Output all of the data exactly, keeping any images out of the copy.

───── Information supplied

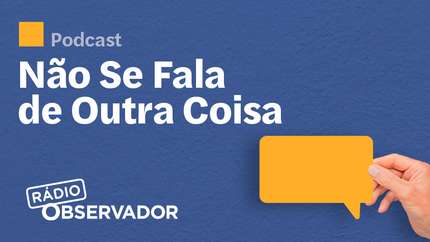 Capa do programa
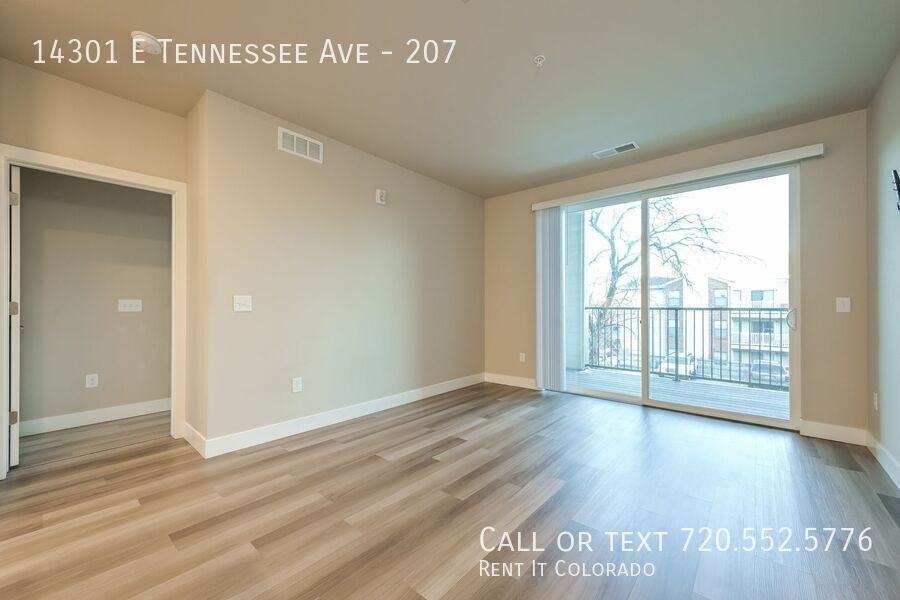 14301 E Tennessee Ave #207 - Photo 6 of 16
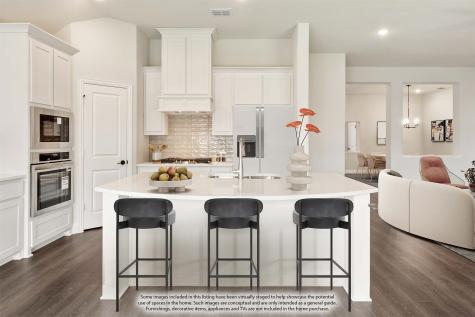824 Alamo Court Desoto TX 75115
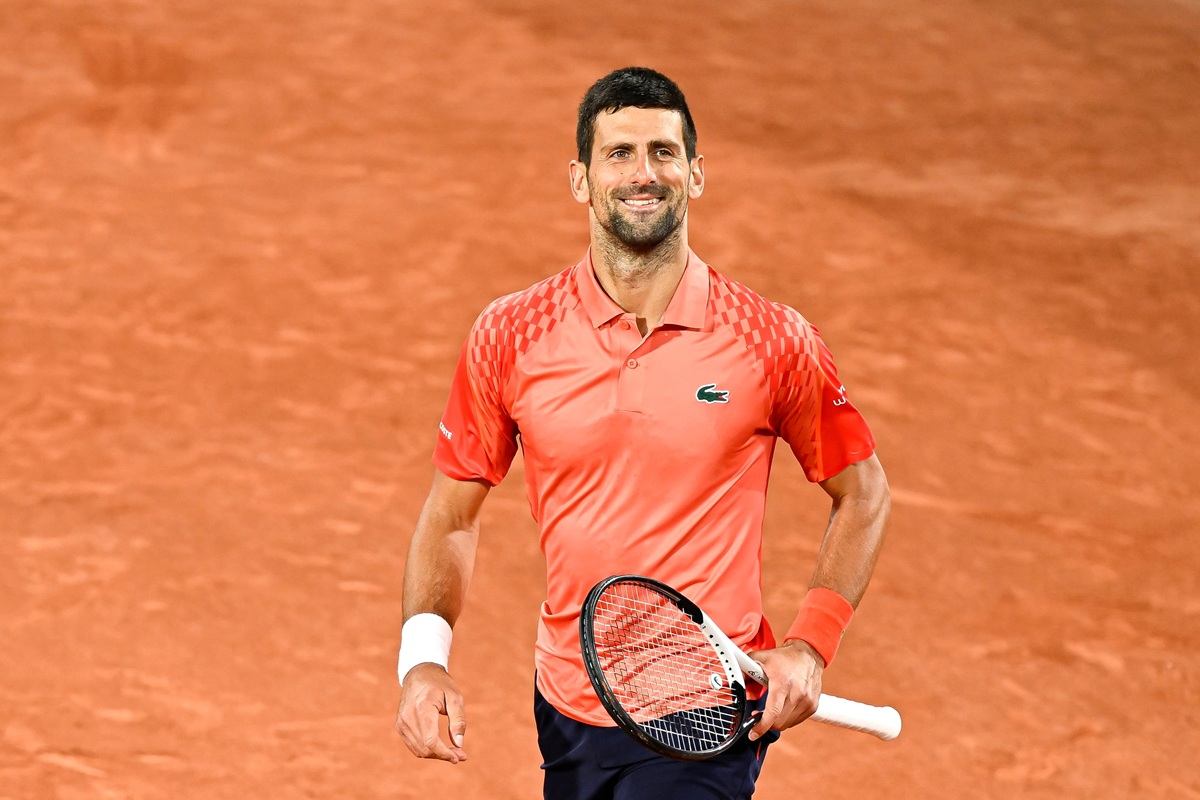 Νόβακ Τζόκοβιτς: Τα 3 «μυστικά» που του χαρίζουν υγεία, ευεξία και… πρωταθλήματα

──────────

◆ Answer section ◆
 Capa do programa
 14301 E Tennessee Ave #207 - Photo 6 of 16
824 Alamo Court Desoto TX 75115
 Νόβακ Τζόκοβιτς: Τα 3 «μυστικά» που του χαρίζουν υγεία, ευεξία και… πρωταθλήματα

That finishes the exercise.